[About this task]
From the line with "Statistik: Auslastungsgrad der" to the line with "重磅新规！私募圈刷屏，五大变化，影响多大？", retype each line exactly as it stands in the records below, but skip the pictures.

Records from a data collection
※ ※ ※

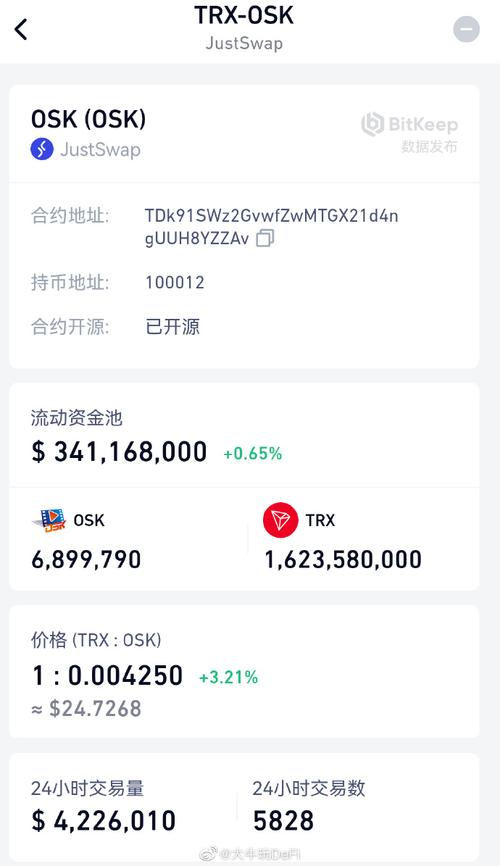 osk奥斯卡币今日行情的简单介绍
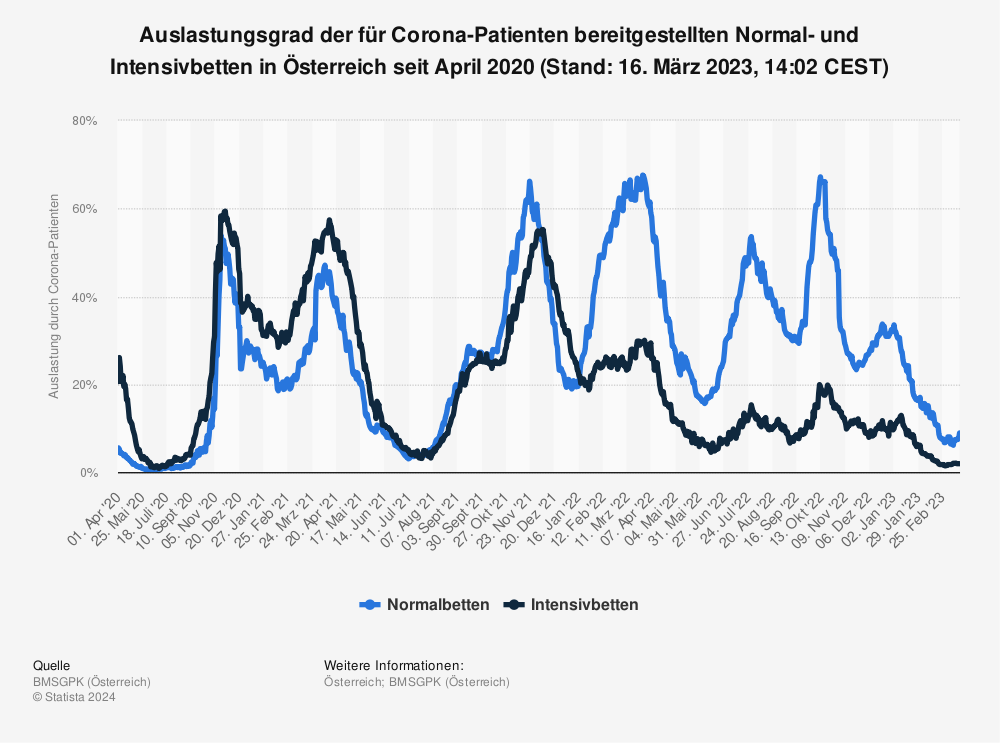 Statistik: Auslastungsgrad der für Corona-Patienten bereitgestellten Normal- und Intensivbetten in Österreich seit April 2020 (Stand: 16. März 2023, 14:02 CEST) | Statista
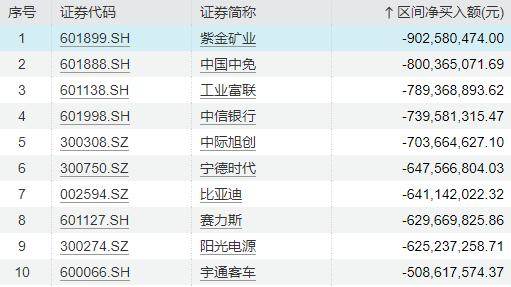 重磅新规！私募圈刷屏，五大变化，影响多大？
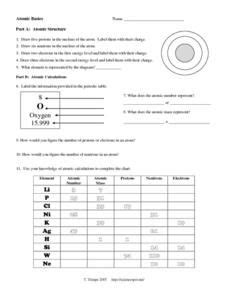 Be sure to place the electrons in the correct orbitals and to fill out the key for the subatomic particles. Atomic Basics Worksheet for 7th - 12th Grade | Chemistry ...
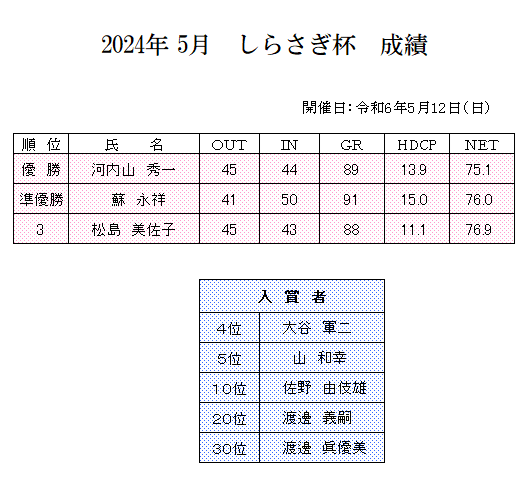 2024年　5月　しらさぎ杯　成績.png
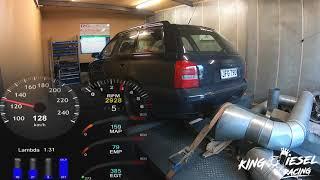 469hp/345kw Audi A4 B5 2.5tdi dyno with data.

※ ※ ※

[Expected answer]
 Statistik: Auslastungsgrad der für Corona-Patienten bereitgestellten Normal- und Intensivbetten in Österreich seit April 2020 (Stand: 16. März 2023, 14:02 CEST) | Statista
 重磅新规！私募圈刷屏，五大变化，影响多大？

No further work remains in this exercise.